Vous en avez sûrement déjà entendu parler, peut-être même est-ce la source de débats enflammés lors de dîner entre amis : The Row, le label (très) bon chic bon genre des sœurs Olsen, commercialise pour l’été une paire de tongs en caoutchouc à 780 euros. Est-ce bien raisonnable ? Peut-être pas. Il n’empêche qu’elles sont régulièrement en rupture de stock. Personnellement, si je devais dépenser une somme folle dans des chaussures The Row, j’achèterais celles-ci.

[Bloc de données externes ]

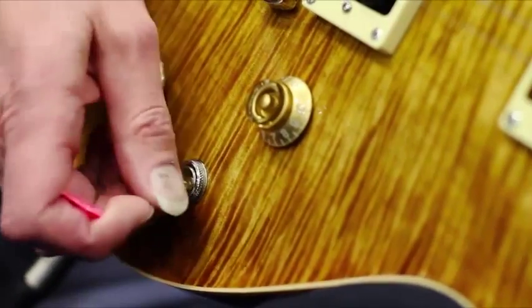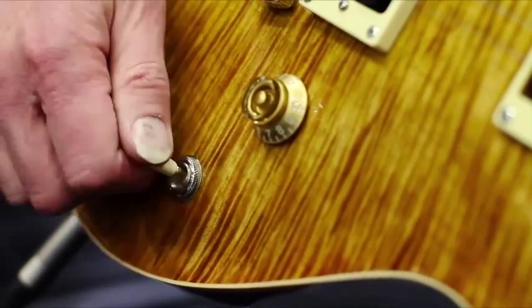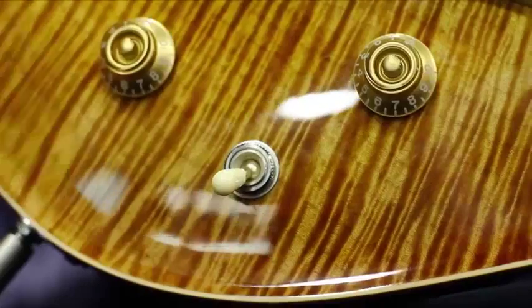I tend to think of the switch with four corners, and when I want the in-between positions two and four, just click it like that. It's very simple and it doesn't take very long to get used to, which is fine. It's really what I wanted — simplicity, ease of use on stage for the musician.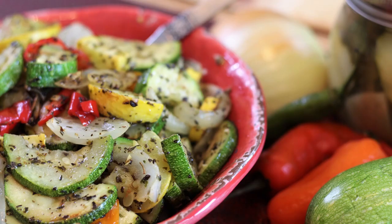Hi everybody and welcome back to It's Only Food with Chef John Palit. Today we're going to be showing you how to make roasted zucchini squash.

Quant à celles et ceux qui se demandent comment une paire de souliers peut coûter aussi cher, j’ai une excellente newsletter pour vous :
Au rayon de mes obsessions pédestres, laissez-moi également vous présenter cette chaussette en cachemire avec semelle à picots intégrés. Elles sont signées Brave Pudding, un label américain qui a entre autres eu les honneurs du Wall Street Journal. C’est parce qu’elle ne savait pas quoi faire de ses chaussettes en cachemire (qui boulochent dès qu’elles entrent en contact avec n’importe quel soulier) que sa créatrice, Sarah Fiszel, a eu l’idée de ce chausson de luxe. À vous moyennant la modique somme de 380 dollars (peu ou prou 410 euros).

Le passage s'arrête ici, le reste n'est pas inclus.